Most use Trinexipac Ethyl for PGR because it's the least expensive per app. Others have experimented with Flurprimidol and Paclo. I have been using Legacy (mix of T Nex and Flurprimidol) because I lucked into a large supply of it a cheap price. But results will probably be similar whichever way you go.

For preventative fungicide, I have been using a rotation of 1) Tank mix of Azoxystrobin and Propiconizole (homemade Headway) and 2) Prostar. I would have preferred to use Tebuconizole in the tank mix instead of Prop but it is not labeled for residential use.

2 apps 30 days apart in fall when soil temps drop below 70, and 2 apps in spring when solid temps get above 55. It helps prevent large patch in the shady areas, and even the areas that don't typically have issues with large patch just look healthier on a fungicide program.


----------



## Texas_Bermuda (Sep 1, 2018)

Thank you @reidgarner . Do you hit the entire yard with preventative fungus measure or just spots you believe are susceptible.

On the pgr, would you recommend putting it down on 3 month new sod, thats not coming in thick? Is pgr a year 2 program?

Thanks! 
Will


----------



## reidgarner (Jun 18, 2018)

Texas_Bermuda said:


> Thank you @reidgarner . Do you hit the entire yard with preventative fungus measure or just spots you believe are susceptible.
> 
> On the pgr, would you recommend putting it down on 3 month new sod, thats not coming in thick? Is pgr a year 2 program?
> 
> ...


I hit the whole yard. It's preventative so I want to protect the whole yard, and in terms of calibration it's easier to blanket spray.
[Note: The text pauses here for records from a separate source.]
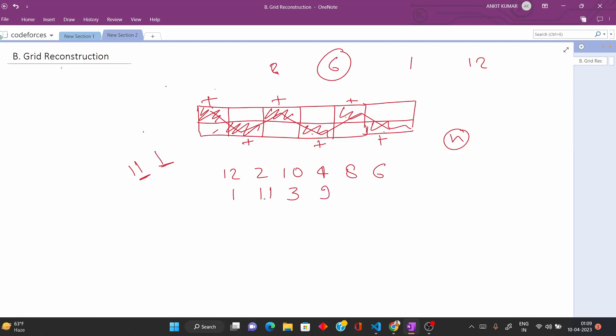3 plus 2, which is 5, and 9 minus 2, which is 7. So this forms a pattern like this. And then what I am doing is I am just swapping these two.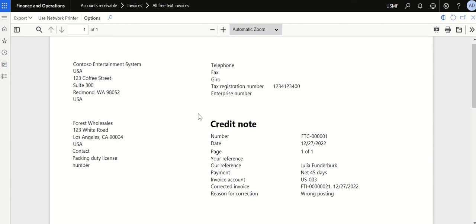This is how you can post a credit note by connecting it with the original invoice. That's it for this video — thank you!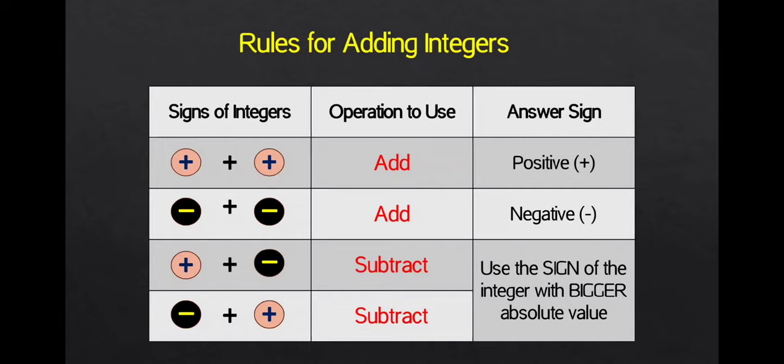if two integers have the same signs, we add and copy the sign for the answer. If two integers have different signs, one is positive and the other one is negative, we subtract and use the sign of the integer with bigger absolute value for the answer.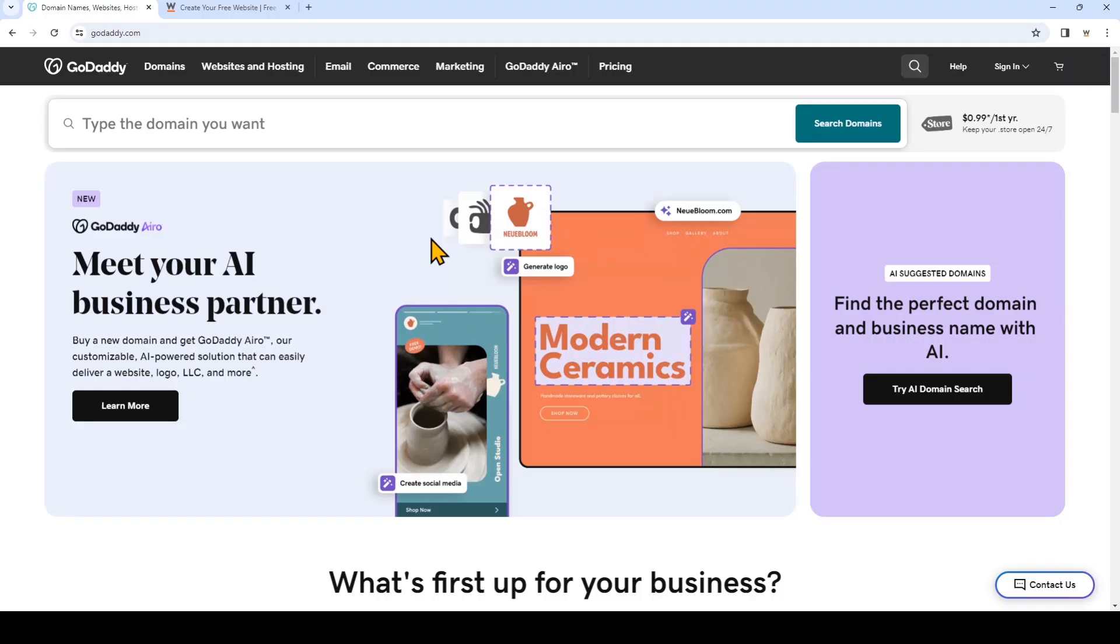I'm going to show you how to point your GoDaddy domain's name server to website.com so you can use website.com email hosting with your domain name with GoDaddy.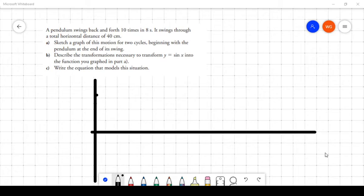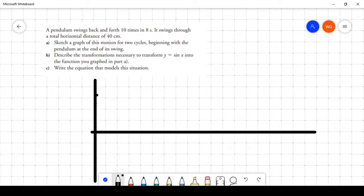In this video, we'll work through an application problem using trig functions that requires you to transform and understand sinusoidal functions. Here's the question: a pendulum swings back and forth ten times in eight seconds, it swings through a total horizontal distance of 40 centimeters. Part A says sketch a graph of this motion for two cycles beginning with the pendulum at the end of its swing. Part B: describe the transformations necessary to transform y = sin(x) into the function you graphed. Part C: write an equation that models this situation.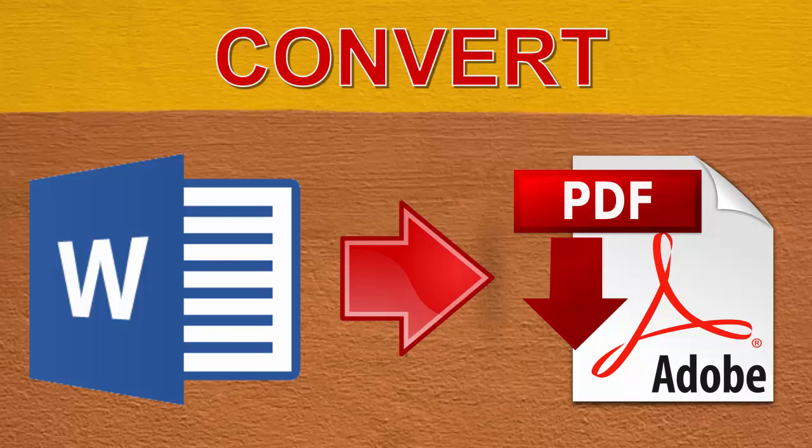In this video, I will show you how to convert a Word document to PDF online in few clicks.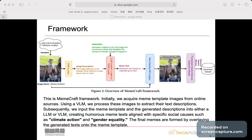This is our framework. Initially, we acquired meme templates from online sources. Using a visual language model, we process these images to extract their text descriptions. Subsequently, we input the meme template and the generated descriptions into either a large language model or local language model, creating humorous meme texts that are aligned with specific social causes such as climate action and gender equality.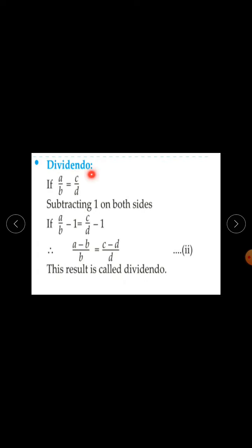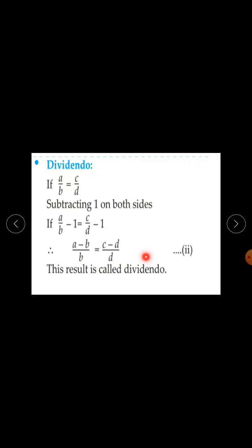The next property is dividendo. Again, if A upon B is equal to C upon D, subtracting one on both sides: A upon B minus 1 equals C upon D minus 1, which gives A minus B upon B equal to C minus D upon D. This result is called dividendo. This is equation 2.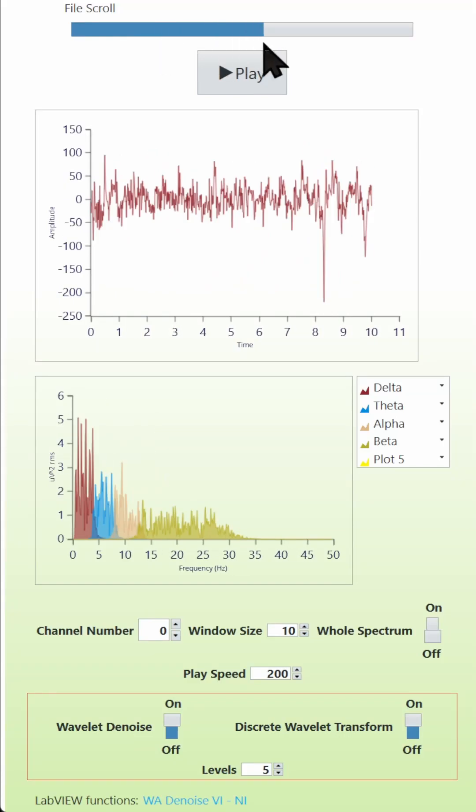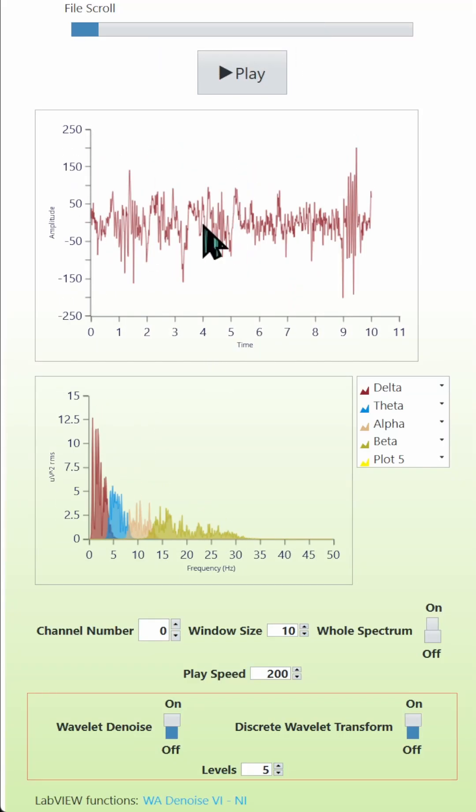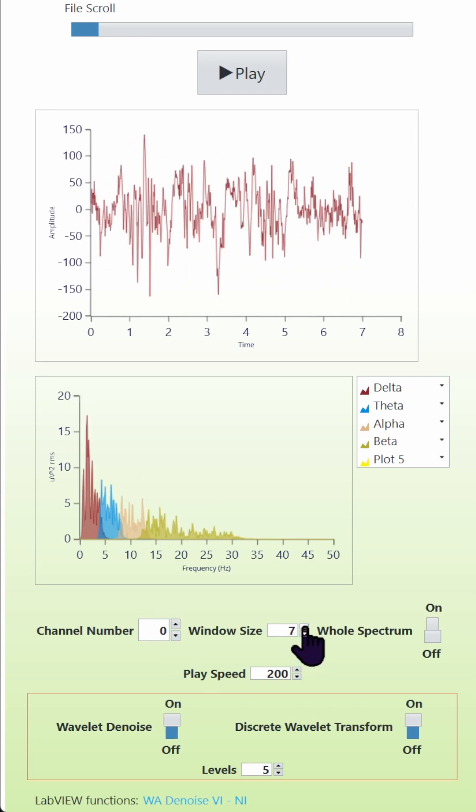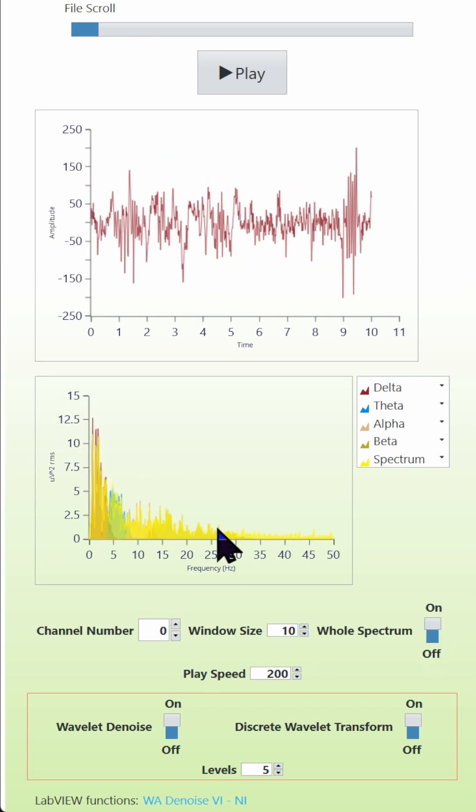As per usual, you can scroll through the file, which will show you the raw EEG and its frequency response. You can select your channel number, window size (10 is the maximum), and overlay the whole spectrum.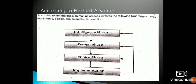In management, his name is Herbert A. Simon. According to him, the decision making process involves the following four stages, namely: Intelligence, Design, Choice, and Implementation.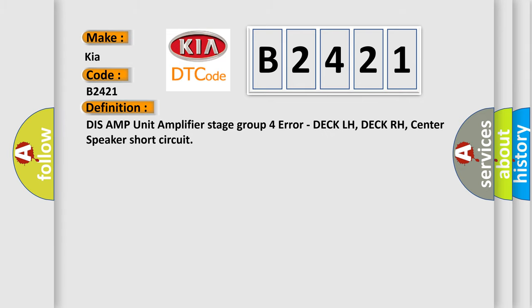The basic definition is DIS AMP unit amplifier stage group 4 error, DEC LH, DEC RH, center speaker short circuit.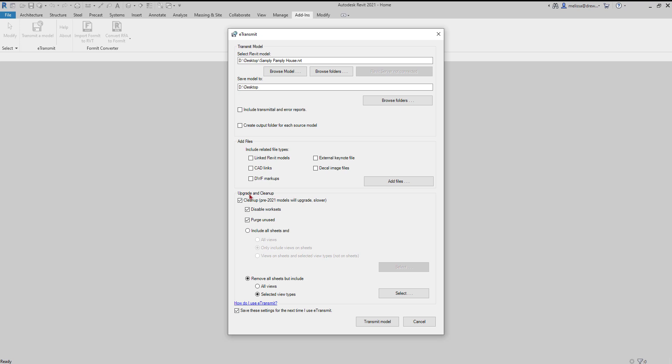Upgrade and cleanup. Cleanup pre-2021 models will upgrade, which will take longer, but you want that. Disable work sets. I like to keep that checked and purge unused. I definitely like to keep that checked because I want to send the person the smallest file possible.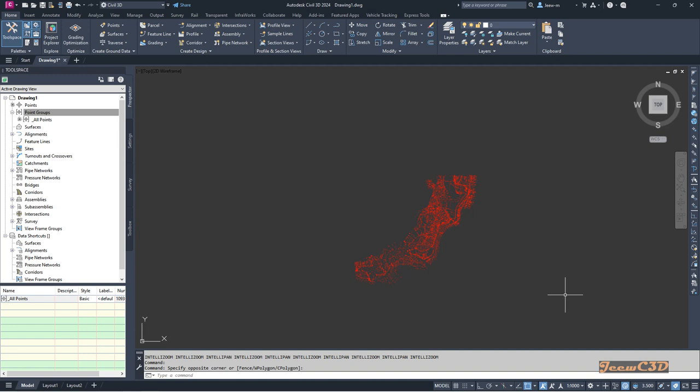In this video I'm going to show you how to change elevation of a set of points for a point group in Civil 3D using the datum method. I have a set of points here in my drawing.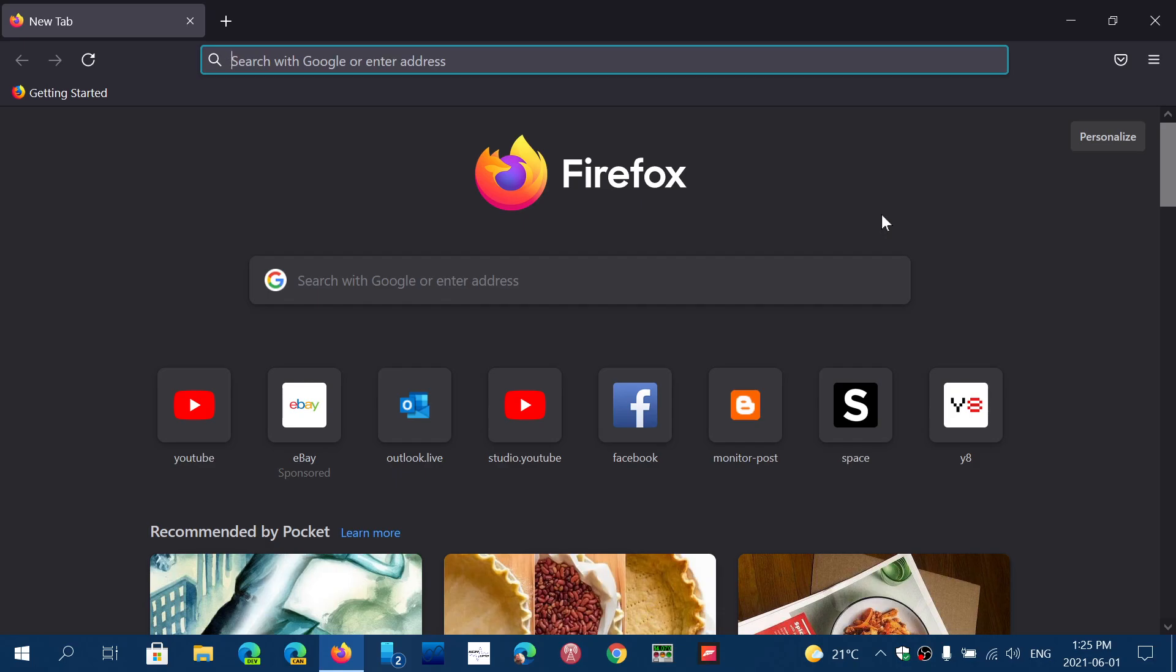So Firefox 89. Once again, with complete redesign. If you want to know more, go to the Windows and Computer channel. And lots of security fixes for all platforms, of course. Android, Mac, Windows, and so on. So check it out.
For PGR, I didn't put any on the first year, but I think as long as you wait for it to get well established (rooted in and edges filled in) you should be ok. I'd def start at a low rate and work up.


----------



## Cramir (Apr 10, 2020)

@Texas_Bermuda I have a 30 day old palisades Zoysia. Front of the house it's pretty shaded with two big oak trees and the back is full sun. I was also considering PGR to get some density before it starts to thin out from the lack of sun. Currently cutting at 1" with a reel mower. I ordered done t-nex and should have some available for you if you choose to go that route.


----------



## Texas_Bermuda (Sep 1, 2018)

Thanks guys - on further research i prob need to let the palisades fill in a bit before pgr. Still patchy and growth is low and slow. Will look forward to pgr in 2021!

@Cramir what kind of direct sun do you get under those trees?


----------



## Cramir (Apr 10, 2020)

Texas_Bermuda said:


> Thanks guys - on further research i prob need to let the palisades fill in a bit before pgr. Still patchy and growth is low and slow. Will look forward to pgr in 2021!
> 
> @Cramir what kind of direct sun do you get under those trees?


Not a lot, the right side of my house gets more than the left. see those trees?


----------



## Texas_Bermuda (Sep 1, 2018)

Of course, gorgeous trees. If i had to choose trees or grass, id take trees.

Guess that makes me an outlaw around here!
:bandit:


----------